Which lines of the entries below run from the one holding "Strand van Courseulles-sur-Mer, een" to the one holding "SPOT ON 1854", inclusive? Set down exactly those lines and no others.
-------- RECORDS SUPPLIED
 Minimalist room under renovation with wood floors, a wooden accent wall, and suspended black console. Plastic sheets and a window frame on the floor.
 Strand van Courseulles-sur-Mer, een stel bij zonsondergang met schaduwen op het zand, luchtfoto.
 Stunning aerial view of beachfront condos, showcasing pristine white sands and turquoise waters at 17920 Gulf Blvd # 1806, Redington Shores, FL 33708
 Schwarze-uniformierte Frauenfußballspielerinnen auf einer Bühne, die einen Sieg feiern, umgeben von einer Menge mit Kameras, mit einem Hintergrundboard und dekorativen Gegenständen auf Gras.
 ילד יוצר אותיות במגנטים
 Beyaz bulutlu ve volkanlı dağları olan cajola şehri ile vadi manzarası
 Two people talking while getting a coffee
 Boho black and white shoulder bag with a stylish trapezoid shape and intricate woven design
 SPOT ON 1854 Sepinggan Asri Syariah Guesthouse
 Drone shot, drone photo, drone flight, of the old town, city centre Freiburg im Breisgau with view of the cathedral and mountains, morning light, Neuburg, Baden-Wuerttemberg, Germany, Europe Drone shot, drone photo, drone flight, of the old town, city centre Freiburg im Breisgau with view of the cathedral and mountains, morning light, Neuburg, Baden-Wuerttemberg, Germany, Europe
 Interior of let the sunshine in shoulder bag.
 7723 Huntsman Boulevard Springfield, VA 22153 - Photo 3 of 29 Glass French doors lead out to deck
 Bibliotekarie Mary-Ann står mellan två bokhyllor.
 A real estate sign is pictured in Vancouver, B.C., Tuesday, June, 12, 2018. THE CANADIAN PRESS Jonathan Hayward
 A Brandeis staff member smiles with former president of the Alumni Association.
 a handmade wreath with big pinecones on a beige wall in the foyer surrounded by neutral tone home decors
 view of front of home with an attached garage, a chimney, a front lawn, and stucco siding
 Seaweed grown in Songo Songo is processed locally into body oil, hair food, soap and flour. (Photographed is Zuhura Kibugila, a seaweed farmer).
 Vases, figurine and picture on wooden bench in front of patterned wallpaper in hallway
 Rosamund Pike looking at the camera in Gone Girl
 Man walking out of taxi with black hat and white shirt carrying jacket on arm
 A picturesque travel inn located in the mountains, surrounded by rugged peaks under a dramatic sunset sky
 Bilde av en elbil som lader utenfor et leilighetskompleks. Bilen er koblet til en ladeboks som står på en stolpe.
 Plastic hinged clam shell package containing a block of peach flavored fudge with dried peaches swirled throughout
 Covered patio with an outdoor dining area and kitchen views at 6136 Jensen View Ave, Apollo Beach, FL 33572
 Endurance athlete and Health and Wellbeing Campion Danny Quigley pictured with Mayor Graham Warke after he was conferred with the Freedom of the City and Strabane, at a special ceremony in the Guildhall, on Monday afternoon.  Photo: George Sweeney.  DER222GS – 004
----------------
§ **THE COMPLETED TASK**:
 Strand van Courseulles-sur-Mer, een stel bij zonsondergang met schaduwen op het zand, luchtfoto.
 Stunning aerial view of beachfront condos, showcasing pristine white sands and turquoise waters at 17920 Gulf Blvd # 1806, Redington Shores, FL 33708
 Schwarze-uniformierte Frauenfußballspielerinnen auf einer Bühne, die einen Sieg feiern, umgeben von einer Menge mit Kameras, mit einem Hintergrundboard und dekorativen Gegenständen auf Gras.
 ילד יוצר אותיות במגנטים
 Beyaz bulutlu ve volkanlı dağları olan cajola şehri ile vadi manzarası
 Two people talking while getting a coffee
 Boho black and white shoulder bag with a stylish trapezoid shape and intricate woven design
 SPOT ON 1854 Sepinggan Asri Syariah Guesthouse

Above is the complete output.